Daryl AndersonSeveral years ago my husband and I were driving in my hometown of Baltimore, searching for a cross street.

“You just passed our turn!” I said, a little too gleefully. Like most husbands, mine fancied himself an expert navigator, so naturally I enjoyed pointing out the occasional wrong turn.

“No,” he said calmly, “that was Belair Road.” My husband pronounced the street name as most people would—Bel-air, with two syllables. “You said we’re looking for Blare Road.”

My glee vanished. “No, that was the road.”


“Just turn around,” I said, sinking into my seat.

You see, we native Baltimoreans tended to shorten words whenever possible. I’d simply pronounced the name of Belair Road as I had all my life—Blare.

Well, if accents are troublesome in real life, they’re even more problematic in fiction.
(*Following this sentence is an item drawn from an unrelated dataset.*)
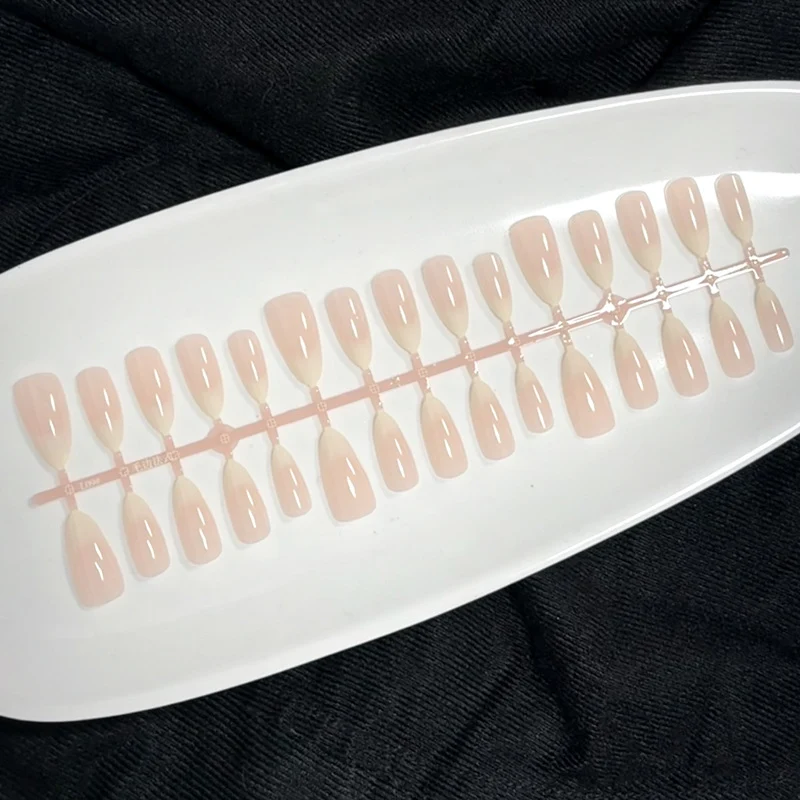 Ombre Stiletto Press-On Nägel Karnz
In my latest novel Death at China Rose, PI Addie Gorsky connects with her friend and fellow Baltimorean Thelma Sky. As readers of Murder in Mystic Cove know, Thelma is an authentic Baltimore hon, with a beehive hairdo that the Florida humidity can’t touch and a Bawlmer accent thicker than a cheesecake from Hoehn’s Bakery in Highlandtown.

I love the sound of my native tongue, but if I replicated Thelma’s open-voweled intonations phonetically, the result would have been downright confusing, if not unintelligible. Just check out the short list of Baltimorease—all of which might have come out of Thelma’s mouth—and you’ll see what I mean.

Jeet?—a polite inquiry, as in Jeet enuf?

Zink—where you warsh the dinner dishes

Aspern—what you take for a headache, usually after drinking too much Natty Boh

Baffroom—where you find the tawlit and the baffroom zink

Kilt—a murderous act, as in He got kilt!

Po-leese—a police officer

Pleese—plural for above

Tarred—extreme fatigue, as in I’m really tarred.

Woorder—what you drink when you’re thirsty

Aigs—what you eat for breffist, often with a glass of arn juice from the Sunshine State.

Merlin—the state where you find Bawlmer.

It can be a tricky business, but the myriad beauty of regional speech is worth communicating—whether it’s the syrupy drawl of the South, the lilt of the West Indies, or the nasal tones of working-class Baltimore. But rather than strive for perfect mimicry, a smart writer suggests the different speech patterns, sprinkling non-standard English into the dialogue with care.

Now that you know a little bit about my native tongue, I’d like to know about yours. Are there any phrases or pronunciations that are peculiar to your city or state?

After all, dialect is one of the more delightful differences that people share—don’t you think?


In this swamp of double-dealing, almost everyone has an agenda.

When Harry Pitts—owner of the rundown China Rose Fish Camp–is beaten to death in his home, the bloody scene suggests a frenzied, random act of violence. But PI Addie Gorsky believes the crime is connected to another case—the disappearance of Harry’s daughter, eleven years ago.

All murders begin in the past, but Addie soon realizes that this case is rooted in old Florida, back in the time of wily pirates and proud conquistadors, and the trove of treasure that legend claims is buried in this backwater.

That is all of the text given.